● Work task: Could you restate word for word every line from the one containing "11450282 PICKOOR Front" to the end of the data below, pictures excluded?

● Extracted data:
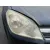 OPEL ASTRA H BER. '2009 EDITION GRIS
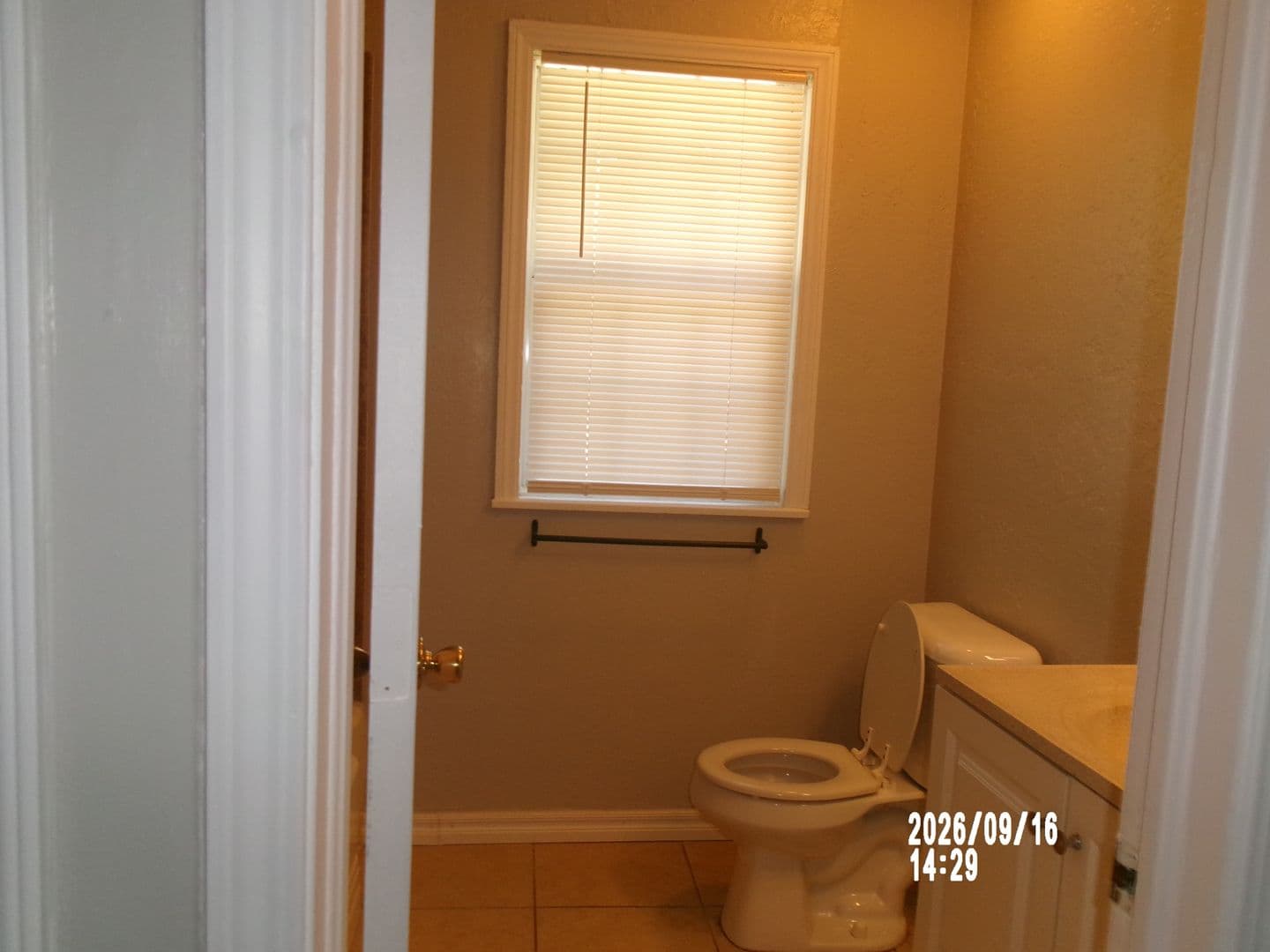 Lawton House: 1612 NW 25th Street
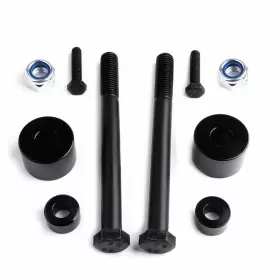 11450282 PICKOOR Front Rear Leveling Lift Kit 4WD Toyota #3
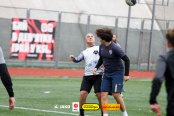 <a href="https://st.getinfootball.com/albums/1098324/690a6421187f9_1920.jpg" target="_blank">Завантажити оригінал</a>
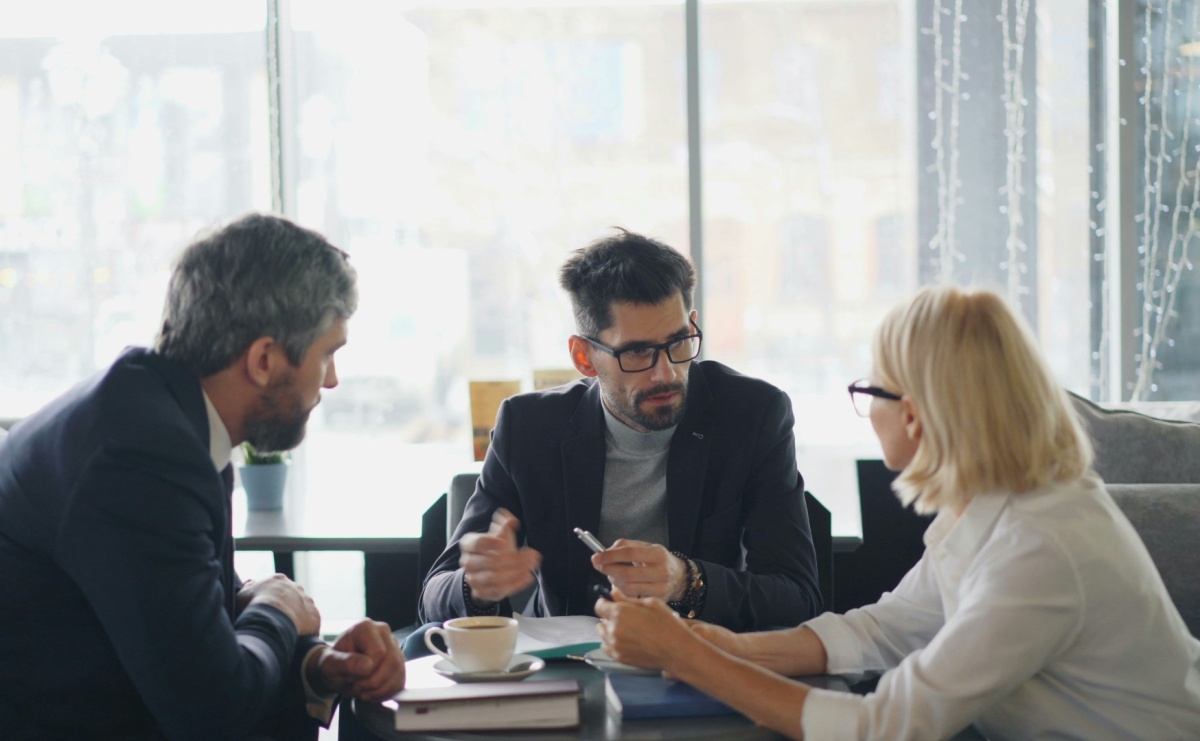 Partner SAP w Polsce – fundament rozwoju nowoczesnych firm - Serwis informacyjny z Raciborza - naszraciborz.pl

● Solution below:
 11450282 PICKOOR Front Rear Leveling Lift Kit 4WD Toyota #3
 <a href="https://st.getinfootball.com/albums/1098324/690a6421187f9_1920.jpg" target="_blank">Завантажити оригінал</a>
 Partner SAP w Polsce – fundament rozwoju nowoczesnych firm - Serwis informacyjny z Raciborza - naszraciborz.pl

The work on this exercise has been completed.